Expanded basic cable rates formerly regulated by local government and the Federal Communications Commission will no longer be subject to such regulation. A portion of the 1996 Telecommunications Act went into effect March 31, taking away the regulatory authority of cities over the upper tier of cable channels, those commonly called "expanded basic" channels, said Ross Summers, general manager of TCI of Springfield.
"The 1992 Cable Act allowed cities to regulate expanded tiers in the cable system, and for that time, Springfield has regulated those tiers, but now that ability has sunsetted, as per the Telecom Act," Summers said.
Though that particular regulatory authority has expired, Morgan Broman, spokesman for the Cable Services Bureau of the FCC, said the agency will continue to monitor the cable industry.
"It remains that cable television accounts for 85 percent of the video entertainment market, and we will still be monitoring that market to make sure there's adequate room for new entrants, such as new cable companies or direct broadcasting satellites," Broman said.
Broman said there was some concern that costs for the expanded basic services would rise, and the bureau has issued a cable consumers' bill of rights that outlines steps customers can take to make sure their company is being fair with them.
Summers said costs would increase as a normal course of business, just as in any other industry, but not as a direct result of the deregulation. The basic cable tier of services will continue to be regulated. Basic cable in Springfield are channels 2-29. The city will continue to have oversight over those rates.

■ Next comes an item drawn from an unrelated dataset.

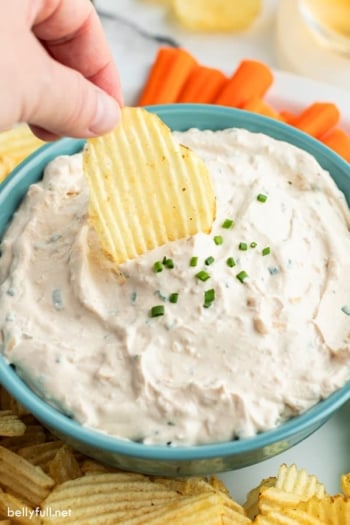 wavy potato chip being dunked into French Onion Dip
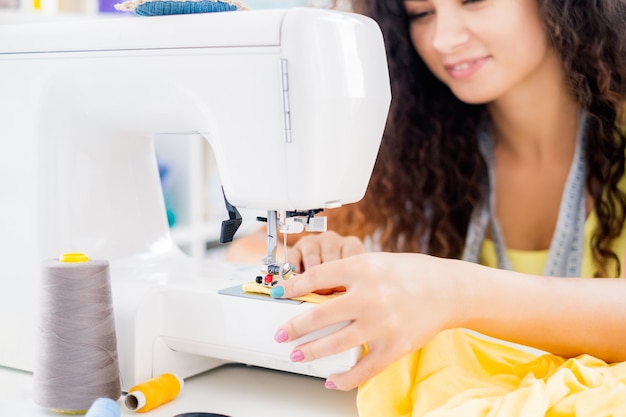 Manos femeninas en la máquina de coser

Nancy Yendes, an assistant city attorney who has worked on a number of telecommunications issues, said the city will continue to be aware of TCI's price changes and take action accordingly.
"We'll continue to have the same concern we've always had even though the regulatory environment has changed," Yendes said.
Summers said the city's role in regulation should be decreasing, as the price of cable should be what the market dictates.
"I think the entire country is tired of the regulatory shackles that have been placed on businesses over the years. This is an example of an attempt to get back to a deregulated environment and more of a market economy," Summers said.
Prior to 1992, rates were not regulated in any way, Broman said. Cable television has existed, in some form, since the 1940s, Summers said, though it really became widespread in the 1970s.
"The regulatory environment has always played a major role in our industry, but despite that regulation, we've been able to survive and grow and prosper, in large part because we have a product that people appreciate and want," Summers said.
The city will continue to monitor the pricing of basic channels, making sure those rates are just and equitable for this market. The expanded tier is the one that is subject to the most cost increases for TCI, Summers said, because of the number of specialized cable networks contained therein.
"In the lower tier you have the airwave channels and the access channels, and there are not the programming costs associated with those as there are with the specialty channels," Summers said.
Increases in rates are a direct result of increases in programming costs for TCI, he added.
"There are uncertainties in our programming costs. We have no control over what the programmers charge us," Summers said.
Because there are fees for every channel in the expanded basic tier, the company is "more at the mercy of programmers," in establishing the costs for that service, Summers said.
TCI is now owned by AT&T, and in the next few weeks, the local company's name will change, though Summers did not yet know what the new name will be. It will identify the cable company as a component of AT&T, though, he said. Other than "changing signs and logos on our trucks," Summers said, there should be no direct changes of business practices at the cable company.
TCI has added one service, digital cable, in the past two years. About 15 percent of TCI of Springfield's subscribers are now on the digital service. TCI will add high-speed Internet access, through its @Home program, in coming months.
The Internet access, provided through a cable modem subscribers will have to purchase, will probably roll out in Springfield in the second half of 1999, a little later than the company had originally planned because of the length of time it has taken to upgrade portions of its system, Summers said.
"We've run into a few problems we weren't anticipating, and the weather has been some concern to us, but we're moving forward with the rollout," Summers said.